UX and usability are different, however. Usability is “a quality attribute of the UI, covering whether the system is easy to learn, efficient to use, pleasant, and so forth.” User experience is a wider category, that, “In order to achieve high-quality user experience in a company’s offerings there must be a seamless merging of the services of multiple disciplines, including engineering, marketing, graphical and industrial design, and interface design.”
Certainly, costs for testing and implementing an adequate solution can vary dramatically from company to company or even channel to channel. Although it can be a big production, conducting usability testing doesn’t have to be a major undertaking or drain on time or resources. Having participants from your target audience test a website or app can help identify the most glaring problems and frustrations keeping customers from enjoying a positive experience with your company.
Be transparent
Again, Gartner finds that “along with ease of use, trust is a key component of a consumer’s satisfaction with a digital experience.”
Without that initial reason to trust your company with whatever data they must exchange as part of doing business with you, consumers are much less likely to do business with you in the first place. About 20 percent of non-users cite a lack of trust as their reason for spending their money and trusting their information with someone else.
Establishing trust with consumers upfront is no longer just a way to stand out as one of the “good guys,” it is a necessity if you want to do business. Here are some steps you can take to make your company more transparent, compliant, and competitive – and this will assist with building customer trust in the process.

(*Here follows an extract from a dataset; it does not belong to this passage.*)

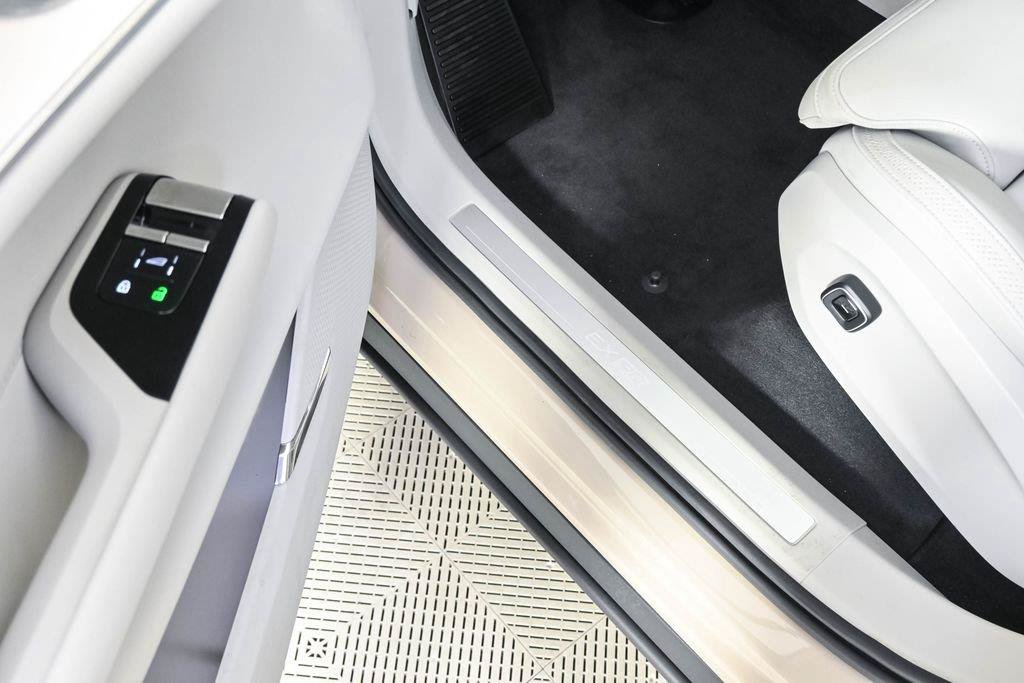 Certified 2025 Volvo EX90 Ultra AWD/4WD image 10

Demonstrate good stewardship of customer data
The deck is already stacked against you when it comes to convincing consumers to share their data with you. The Marketo blog describes research findings, and “the trouble is, 65% of consumers are uncomfortable with their personal data being shared with for-profit firms, according to the Insights Network report.”
Even if you haven’t contributed to the problem of broken trust over customer data, the challenge is one you must meet and overcome.

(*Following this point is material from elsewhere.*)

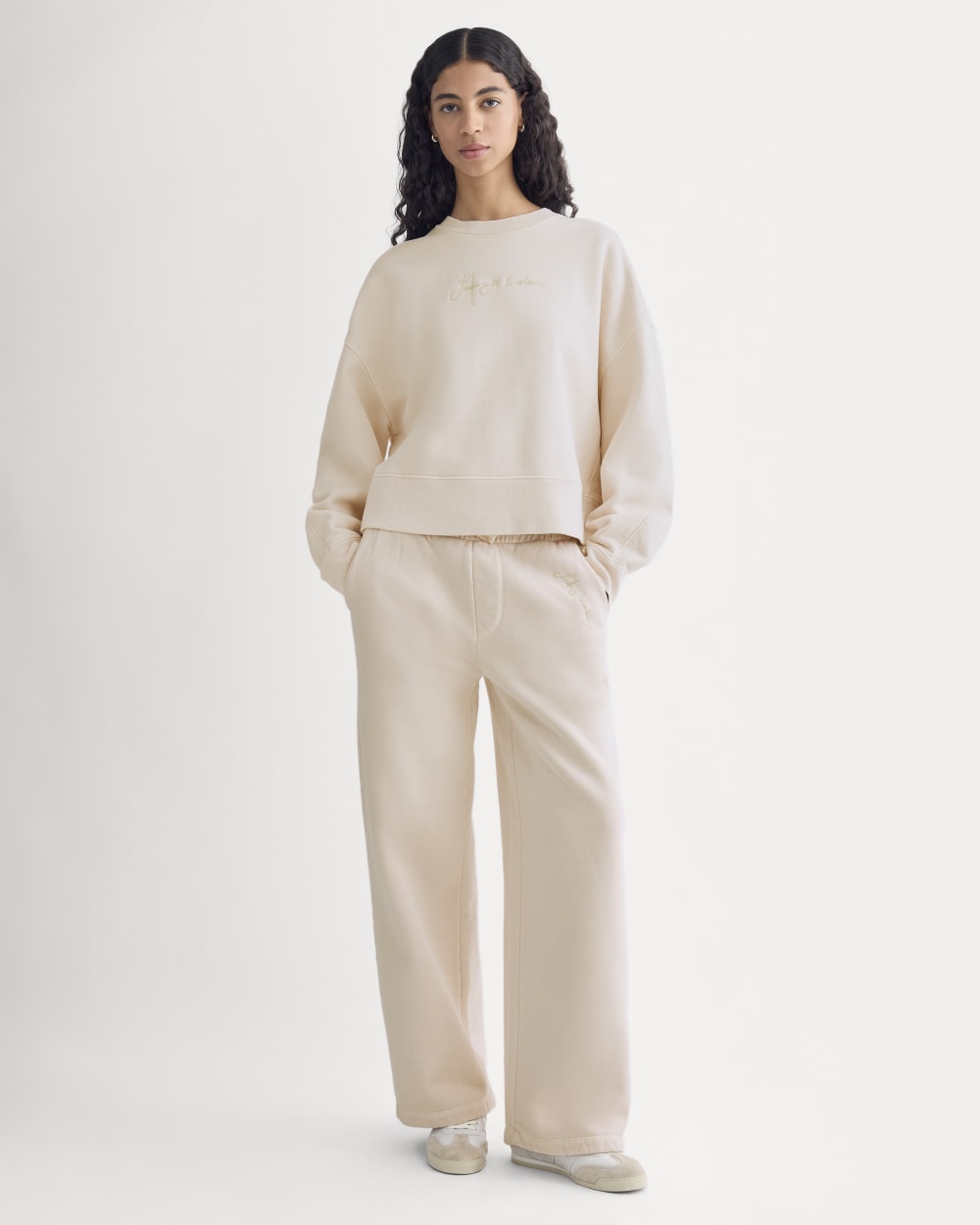 Everlane x The Laufey Foundation Cropped Sweatshirt | Pale Peony - Image 3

Consider these steps toward earning consumer trust in the age of data breaches and GDPR:
Implement the technologies and expert resources (such as data scientists) needed to properly collect, store, manage, protect, and share customer data.
Collect data consensually; don’t buy it. The shortcut may be tempting, but you’re likely not getting the data that’s going to be useful to you or your prospective customers. They will know that you bought it; you will be at least that transparent.
Be transparent about everything above. Let customers know the who, what, where, when, and how of your data collection practices.
Grant customers hassle-free access to the data you have about them. And allow a delete option.
Not only will you earn trust and goodwill with consumers, but you will also be well on your way to compliance.
Understand and reflect your customers’ values and concerns
As seen on the Marketo blog, your customer wants to be the hero, and it’s up to you to enable that in a forward and transparent way. “Empower your customers with the feeling that investing in your products or services makes them a hero. Draw a clear, straight line from their point-of-purchase to the impact they’ll have on the world.”
According to Gartner, “In a recent survey, we learned that 70% of consumers expect brands to take positions on social issues that are being debated at large, particularly if they are relevant to their business.”
Again, the assumption is that to empower customers to live their values, you first understand your customers, including what they value and why. Understanding and empathy will always be the foundation of your strategy to connect with your customers emotionally, even as you both evolve.